**TASK GOAL:**
Copy out exactly the stretch below, from the line with "KANCHIPURAM Silk Jacquard" through the line with "Aufsatzbeurteilung einfach und", both included; the pictures stay out.

---- TASK DATA

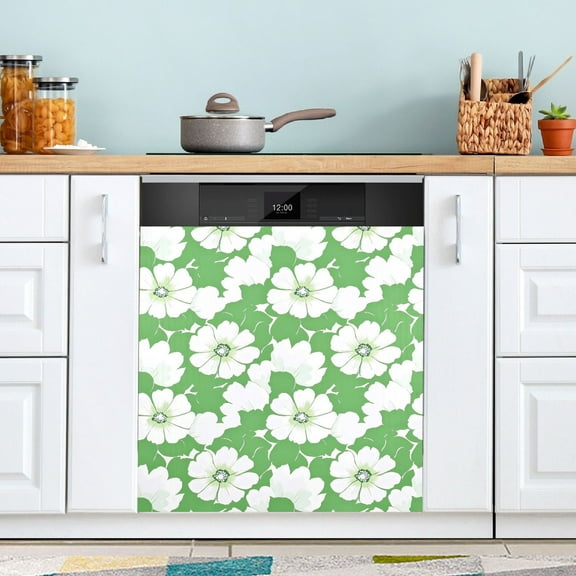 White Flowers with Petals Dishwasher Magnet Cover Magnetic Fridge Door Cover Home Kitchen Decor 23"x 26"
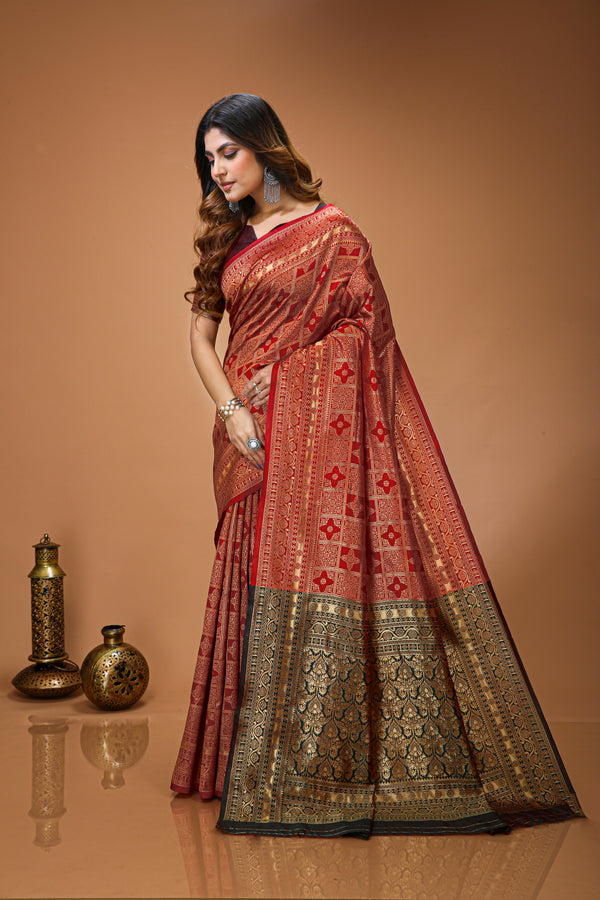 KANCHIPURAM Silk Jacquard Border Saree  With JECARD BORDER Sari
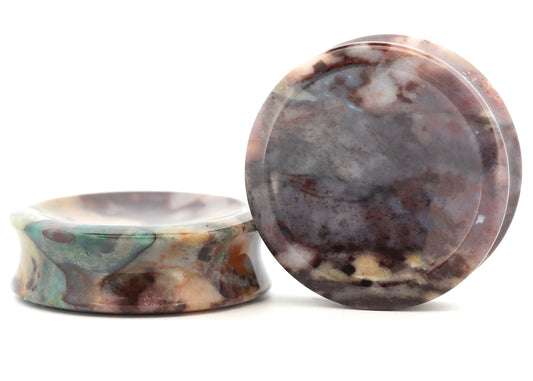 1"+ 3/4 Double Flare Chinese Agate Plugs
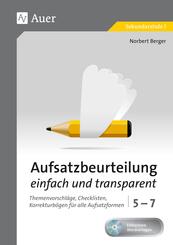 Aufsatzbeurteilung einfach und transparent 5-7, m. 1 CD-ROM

--------
---- TASK DATA

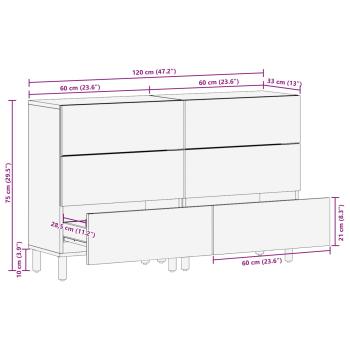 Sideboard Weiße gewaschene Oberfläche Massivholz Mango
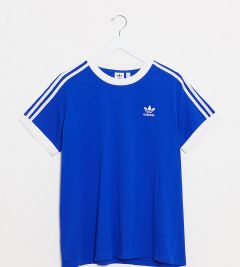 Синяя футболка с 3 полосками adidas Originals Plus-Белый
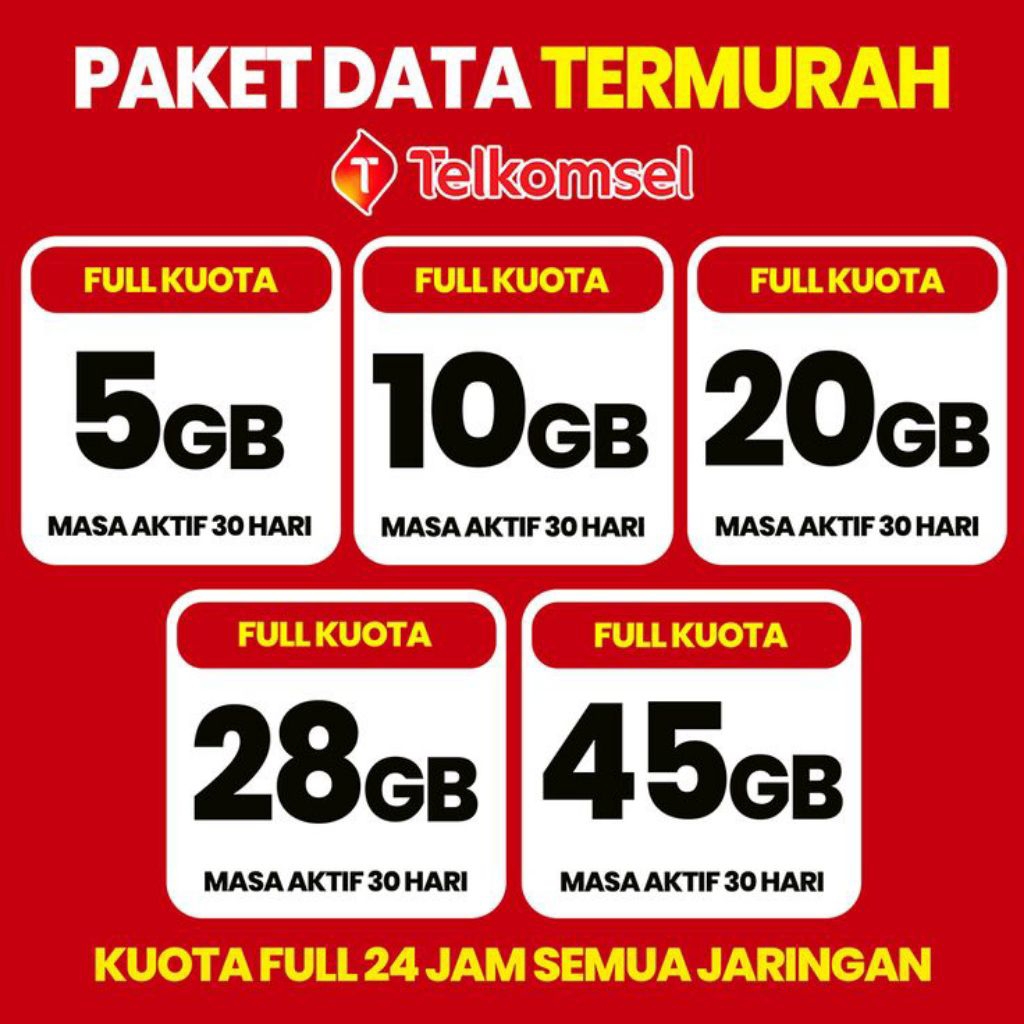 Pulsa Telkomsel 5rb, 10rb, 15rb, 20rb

--------
---- TASK DATA

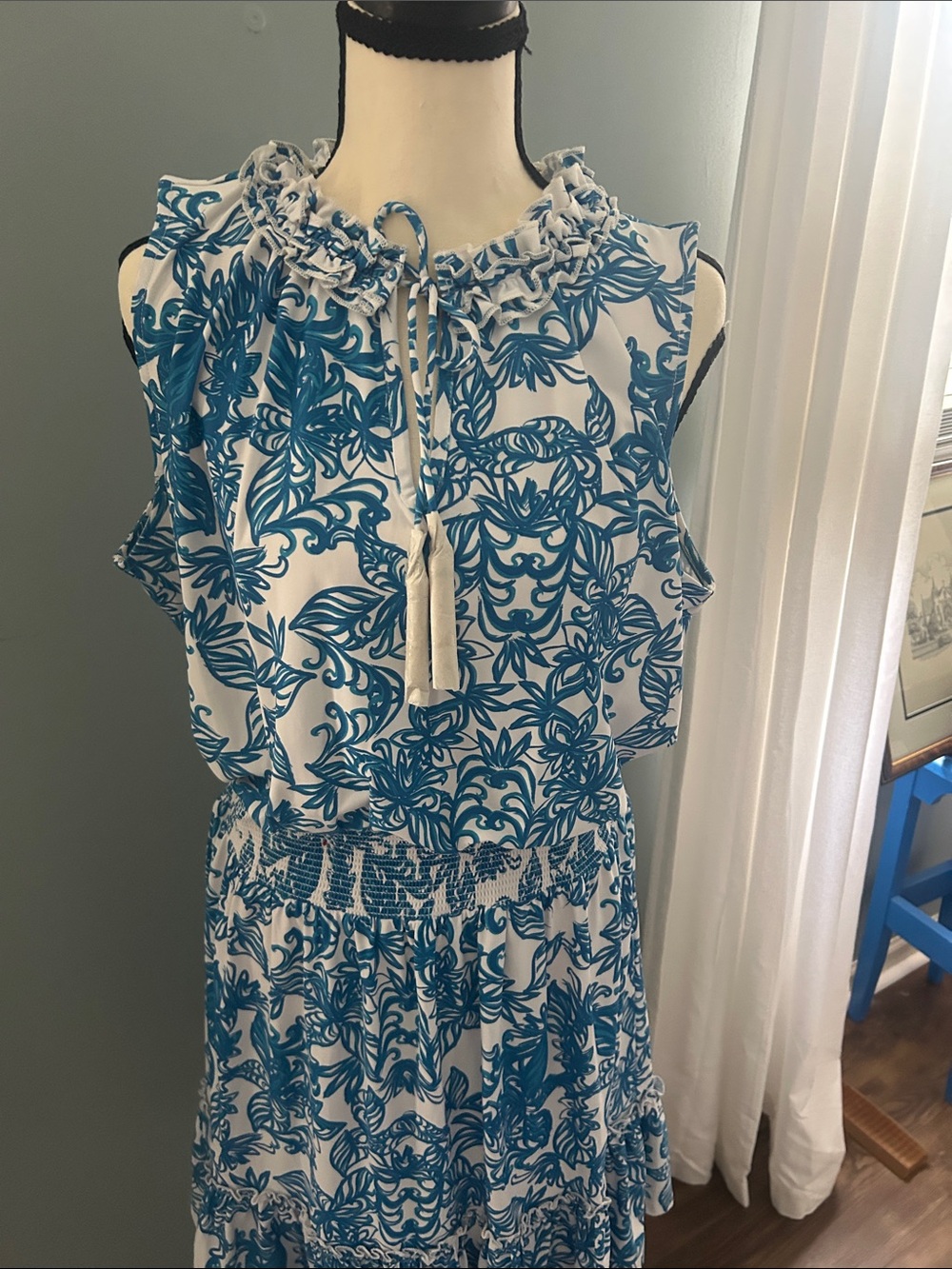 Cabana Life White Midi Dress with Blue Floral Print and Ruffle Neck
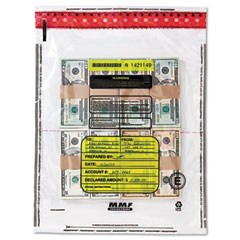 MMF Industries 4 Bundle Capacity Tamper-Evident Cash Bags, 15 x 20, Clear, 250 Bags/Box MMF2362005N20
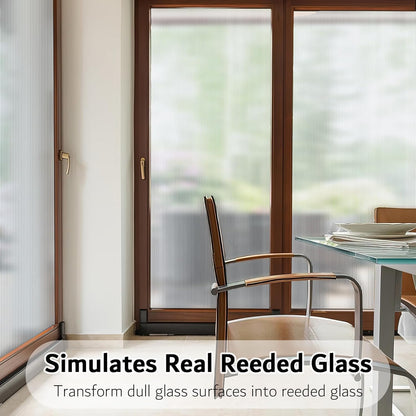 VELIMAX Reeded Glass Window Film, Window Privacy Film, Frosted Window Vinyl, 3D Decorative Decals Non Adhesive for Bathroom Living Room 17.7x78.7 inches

--------

**ANSWER SPACE:**
 KANCHIPURAM Silk Jacquard Border Saree  With JECARD BORDER Sari
 1"+ 3/4 Double Flare Chinese Agate Plugs
 Aufsatzbeurteilung einfach und transparent 5-7, m. 1 CD-ROM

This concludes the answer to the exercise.